『1000年の山古志』
先々週末、山形国際ドキュメンタリー映画祭に行ったのですが、その10月10日には都内の映画館で数多くのドキュメンタリー映画が公開になっていて、ちょっとした驚きと感慨をいだきました。映画館でドキュメンタリー映画が上映されることが珍しかった時代を知っている世代としては隠世の感があります。もちろん、面白い・面白くない、いい・悪いはいろいろあるでしょうが、それは劇映画だって同じこと。まずは見れる環境になっていることはいいことだ、と単純に思います。できるだけ見たいと思うのですが、どこまで追いつけるか。
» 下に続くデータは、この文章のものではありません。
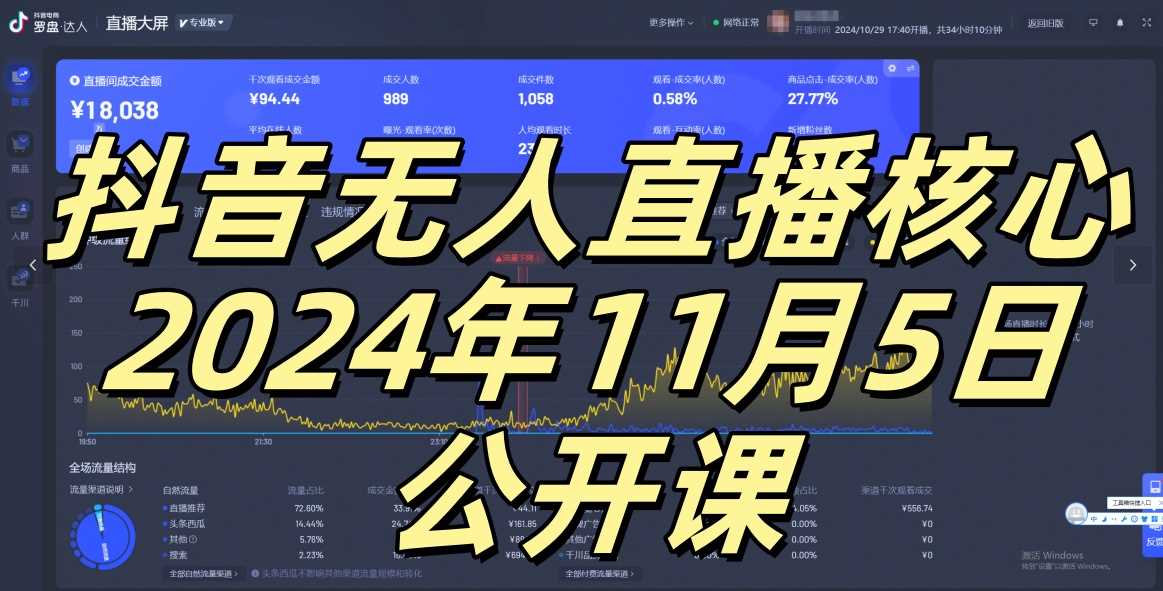 抖音无人直播核心公开课，咸鱼翻身小白可做带有睡后收入月入过万太简单【揭秘】 - 猎人社区-猎人社区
さて、今日は『1000年の山古志』を見ました。ドキュメンタリー映画を見る面白さの一つに、大きな出来事のその後を見れることがあります。たった5年前のことなのに、中越大震災のことは忘れかかっています。この映画の冒頭でも映し出されるように、全くの孤立地区となり全村民が避難した山古志村のことは何度もニュースで取り上げられていました。この映画は、その後4年間でどう村が復興していったかを描いた作品です。見ながら、よく撮ったなあ、と素直に思いました。と言うのも、「復興」の様子を撮りたいと思うのは簡単ですが、撮る側がいくら予想を立てても実際に復興していくまでには時間がかかります。その時間を粘り強く撮るのは簡単なことではない。この映画では住民の方々の心のひだまで丁寧に映し出している。もっとも、復興とは言っても、何か大きなことがあるわけでもなく、「普通」の生活を取り戻すささやかな営み重ねられるわけで、そういう意味では地味。でも、その地味なことが本当の「復興」なんだろうなあ、と実感できる。映画の最後のほうに描かれる、田んぼに水が入るシーンは感動的だ。全体的にはオーソドックスだけど、僕はオーソドックスな映画も好き。変に奇をてらったり、もったいつけた映画はあまり好きではない。監督の橋本信一さんは前作『掘るまいか』が山古志村を舞台にしたドキュメンタリーでした。その後に、中越地震が起きてしまったわけで、監督としてはこの映画を作るのが宿命みたいなものだったかもしれません。